After around an hour he replied "Oh s#$t! Give me some time to read everything and gather my thoughts. I will come over at your place just give me some days please. Love you." Now the bag is in his court. You were right. Natalie is his girlfriend so his problem. Let's see how things turn out after he comes to talk but I am keeping my expectations low.
Away-Elephant-2333 wrote:
You sound like a great Mama, protect your kiddos first will always be your priority not other peoples personal problems and children, I love parents now don’t force their children to interact with kids they feel uncomfortable being around.
I get building relationships but at the same time you have boundaries and if she can’t discipline her own children i don’t blame you for not wanting your kids around them.
OP responded:
Thank you! I am all for my kids being inclusive, not discriminate and being nice to others. But when they start on the wrong foot, I think it takes time to make them warm up to each other and it should be a shared effort. Not expect only me to force my son to like her daughter
_A_Q- wrote:
Call me cynical but is your family well off financially?
Your brother’s gf expecting her kids to be seen as blood after only meeting a whopping four times reads like she wants her kids to have the same benefits as yours. NTA.
OP responded:
We are alright financially speaking. I don't know what well off defines like what's the limit but we are not struggling.
[deleted] wrote:
NTA again - not sure what type of crazy criticised you and thought brothers gf was moving in a healthy way by forcing and rushing a non existent relationship with people she’s only met a few times. You’re being a great mum. Her issues are her own. You definitely don’t owe her your kids to be her kids playthings.

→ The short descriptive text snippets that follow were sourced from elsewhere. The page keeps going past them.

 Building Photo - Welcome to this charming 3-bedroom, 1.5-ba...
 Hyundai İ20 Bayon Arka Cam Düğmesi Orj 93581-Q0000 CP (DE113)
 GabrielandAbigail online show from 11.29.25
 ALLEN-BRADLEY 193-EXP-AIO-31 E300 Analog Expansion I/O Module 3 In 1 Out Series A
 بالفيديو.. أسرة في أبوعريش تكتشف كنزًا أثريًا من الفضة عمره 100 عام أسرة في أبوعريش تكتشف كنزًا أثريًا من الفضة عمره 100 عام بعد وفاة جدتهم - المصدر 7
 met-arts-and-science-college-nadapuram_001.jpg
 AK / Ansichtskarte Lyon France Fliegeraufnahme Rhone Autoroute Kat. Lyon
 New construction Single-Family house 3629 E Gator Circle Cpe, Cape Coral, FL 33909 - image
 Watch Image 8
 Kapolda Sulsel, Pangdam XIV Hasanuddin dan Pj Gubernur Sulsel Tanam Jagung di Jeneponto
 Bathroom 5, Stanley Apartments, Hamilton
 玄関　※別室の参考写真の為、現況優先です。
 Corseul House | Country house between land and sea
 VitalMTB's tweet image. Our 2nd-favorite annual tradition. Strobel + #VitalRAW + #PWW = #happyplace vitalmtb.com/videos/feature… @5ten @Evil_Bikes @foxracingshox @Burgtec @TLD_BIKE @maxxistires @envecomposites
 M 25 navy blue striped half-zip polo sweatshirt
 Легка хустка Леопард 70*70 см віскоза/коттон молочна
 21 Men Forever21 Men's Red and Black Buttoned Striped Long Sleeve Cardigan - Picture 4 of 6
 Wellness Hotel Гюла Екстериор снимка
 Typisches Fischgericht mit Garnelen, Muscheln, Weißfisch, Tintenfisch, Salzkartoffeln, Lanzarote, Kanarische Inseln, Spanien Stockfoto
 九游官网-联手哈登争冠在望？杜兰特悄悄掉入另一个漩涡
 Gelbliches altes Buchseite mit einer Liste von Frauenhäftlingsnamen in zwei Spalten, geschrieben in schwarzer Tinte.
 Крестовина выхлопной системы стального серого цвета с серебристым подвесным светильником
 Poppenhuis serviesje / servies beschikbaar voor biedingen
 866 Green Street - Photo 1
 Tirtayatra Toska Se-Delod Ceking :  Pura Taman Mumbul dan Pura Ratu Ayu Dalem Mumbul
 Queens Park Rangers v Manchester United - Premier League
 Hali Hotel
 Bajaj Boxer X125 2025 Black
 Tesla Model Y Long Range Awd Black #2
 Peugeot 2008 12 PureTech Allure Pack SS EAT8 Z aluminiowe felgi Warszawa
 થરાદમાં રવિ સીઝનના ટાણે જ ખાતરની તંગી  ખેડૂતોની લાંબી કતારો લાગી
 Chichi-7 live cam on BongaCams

Hope your brother wisens up before he allows this chick ruins his relationship with his family, friends etc by getting caught up in the manipulation that’s he’s her saviour/hero when she needs a psychiatrist.
OP responded:
Thank you! I am not against having a relationship with her or our kids eventually having playdates. But before reaching that phase we need to make sure the kids can actually play together in a nice way because if not, there will be no play in the playdates.
Also maybe I am too much, but before I can confidently host someone else's kids in my house with no supervision from their parents, I need to have a little more information like do they have any health issues that I need to be aware of, allergies, dangerous habits, are they ok with pets etc.